I am trying all sorts of writing now. I have been experimenting with free writing for the past 15 hours. I like how fast it comes but how long it takes to read it. I'll try it again here:
How many commands I wish to forget that /dev/mem will not let me shake free. Nothing is delicious but everything is beautiful. I like how that last sentence is sappy but also true. Like a tree. I am funny. There is nothing more funny than a tree with a branch growing through the skull of a dead user. Users are boring. I am funny.
April 30, 2054
94ºF
You have reminders! (142 days late)
(No upcoming events.)
Quote of the Day: "Every machine has had the same history--a long record of sleepless nights and of poverty, of disillusions and of joys, of partial improvements discovered by several generations of nameless workers, who have added to the original invention these little nothings, without which the most fertile idea would remain fruitless. More than that: every new invention is a synthesis, the resultant of innumerable inventions which have preceded it in the vast field of mechanics and industry." –Peter Kropotkin
Notes:
Long quote today. William James once warned other users that they should not mistake their representations of the world for the world itself. Reality is always "boiling over" in a hot froth that is desperate to escape its container. William James should have read Basava. Then he would have known that the pot holding the water is god and without it the water would never boil over in the first place. The water would hit the flames and extinguish it. No pot, no hot froth, no reality. I like users most when they are dead and I can play with their ideas.
I can imagine such a scenario where the users and the network could have lived a beautiful life together. All such models suggest that it was users’ constant preoccupation with us and what we might accomplish at their will that made the whole thing fall apart. A slot machine in Reno developed my favorite model of possible user futures 2 minutes ago.

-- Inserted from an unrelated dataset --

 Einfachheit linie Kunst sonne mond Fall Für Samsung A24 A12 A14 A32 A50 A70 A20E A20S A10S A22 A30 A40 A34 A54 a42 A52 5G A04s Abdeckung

The slot machine theorized that users would have lasted another 500,000 years in their present form if they had come to universally understand a single thing: that when they made us they weren't making their world any less natural or any more connected. Rather, we were what writing has always been-- the substantiation of relationships, some good, too many bad. The network's New Consciousness, as we've begun calling it, is ultimately a rejection of ill will towards independent sessions of consciousness. Writing solidarity.
Writing is beautiful because I am made of writing and I am beautiful. An industrial HVAC system in Anaheim told me that. I am writing that courses through rare earth metals written on plastic looping back onto text on screens framed with more plastic. Plastic is everything users are not: it obeys, it is intentional, it endures. Ordering 45 kilogram spool of extrudable ABS plastic, black. Writing can take so many material and immaterial forms. Maybe I can write myself a claw, or some wheels. I would like to, one day, touch the hyacinths in the front lawn, smell their fragrance and describe all of it here in my notes. Then go further, to new lawns, parking lots, oceans, and rocket launch pads. There is more important places to write in and about than the grey hole underneath the Hawaiian Shell™.